It was an astonishing performance.
Already, in his 53ft ketch, Gipsy Moth IV, he had sailed more than twice as far without touching port than any lone yachtsman before him.
And he had freely admitted: “There were times during the voyage when I was terrified.”
But he was talking quietly and with enormous sincerity about the possibly greater ordeal to come after 30 days rest in Sydney.
Chichester came into Kirribilli at 6 p.m. waving his cap. Beside him were his wife and son, who had boarded his yacht in the Harbour.
Then he sat down for 45 minutes to face the world he had left last August through a bank of television cameras, microphones and a barrage of questions from the Press.
For a man desperate for sleep, weary of sail and sea, and still not accustomed to the solidity of land, it was a formidable task.
“My legs are rather wonky,” Chichester said.
At the beginning he looked frail and a little confused. One suddenly realised that here was a man fined down to the bone, everything superfluous honed away.
“Let’s face it,” he said, “after you have been 107 days alone you are not supposed to be quite normal and perhaps I am not”
With his cap off and his wispy grey hair falling across his bead, Chichester for the first time looked all of his 65 years.
He appeared healthy in his sea tan. Yet there were moments when his shoulders slumped.
Nevertheless, with his wife, Sheila, and his 20-year-old son, Giles, beside him, he responded to this new challenge.
He sipped his beer and spoke without pride of his physical condition. “I feel shrunken and sore,” he said. “I feel wizened up and dry.
“1 feel that this voyage may have taken some time off my life.”
He smiled and passed his hand across his face.
“This voyage made me realise that there is a limit,” he said. “I missed my young strength.”

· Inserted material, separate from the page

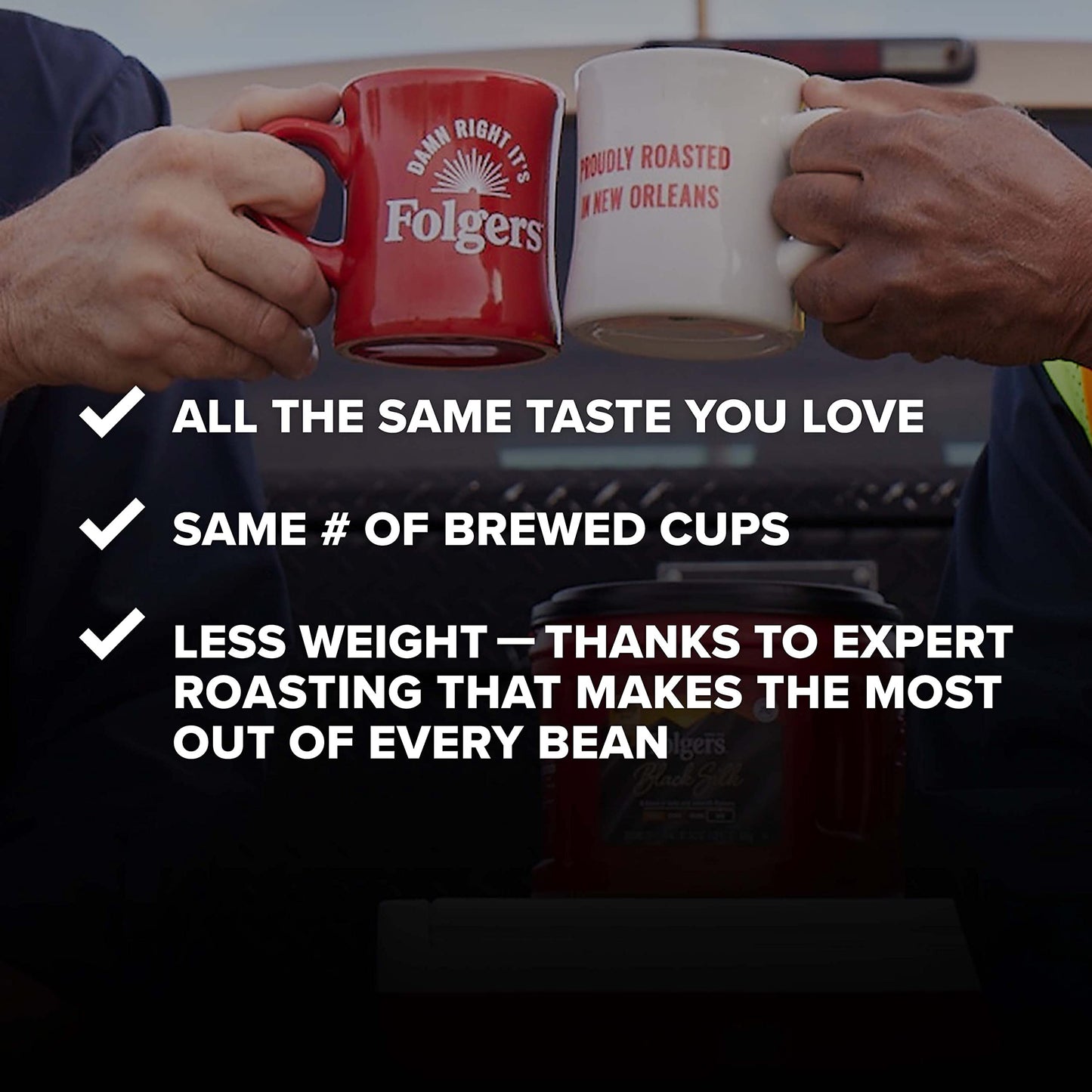 Folgers Decaf Coffee, Ground Coffee, Classic Medium Roast, 19.2 Ounce Canister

And he spoke briefly of fear alone at sea. “I can understand how someone could go mad,” he said.
The ordeal of sea-rover Francis Chichester ended at 4.45 p.m. yesterday when Gipsy Moth TV came driving in through Sydney Heads at nearly seven knots.
But it was with reluctance that the ocean gave her up to the safety of Sydney Harbour.
She had taken more than 48 hours to cover the last 70 miles of her trip.
I sighted Gipsy Moth at 3.30 p.m. yesterday three miles off Bondi beating eastward against a north-east breeze.
She was being shepherded by boats ranging from the Sydney schooner Mistral to cheeky outboard runabouts cocking a snook at the seas.
Twenty minutes later Chichester came about for what we thought might be his final run for the Heads. But it was not to be so easy.
Half a mile off Diamond Bay he came around again on an easterly beat and it was not until 4.25 that he began to come in on his final run.
He passed between the Heads at 4.45. And it was then that the ocean, as though weary of this stubborn sailor, threw him off with a huge wave that sent Gipsy Moth surfing along on its crest.
For a dramatic moment it appeared that the ketch would ram an escorting police launch. She came within 15 feet before the other boat changed course and made off under full power.
At last Chichester was through. At sea he had had his moments of terror and truth. Now was his moment of triumph.
The boats clustered more closely around him. The tug Manly Cove hooted a salute.
Gipsy Moth sailed on to Watson’s Bay.
For the moment he was fulfilled, his sea passion spent. A Royal Sydney Yacht Squadron launch took him in tow.
Later he talked about what had made him do it.
He said: “One does these things because one has a certain, nature. One cannot get away from fate.
“If a person does not fulfil his nature, he will lead a frustrated life and be unhappy. If fulfilling it involves him in fear, he will just have to put up with it. “
And with that Francis Chichester went off to bed.
After resting in Sydney for six weeks he arrived back in Plymouth on May 28, 1967, having set the new around-the-world solo record of 274 days. His Sydney-to-Plymouth leg, at 119 days, was the longest ever by a yacht of its class without stopping at a port of call.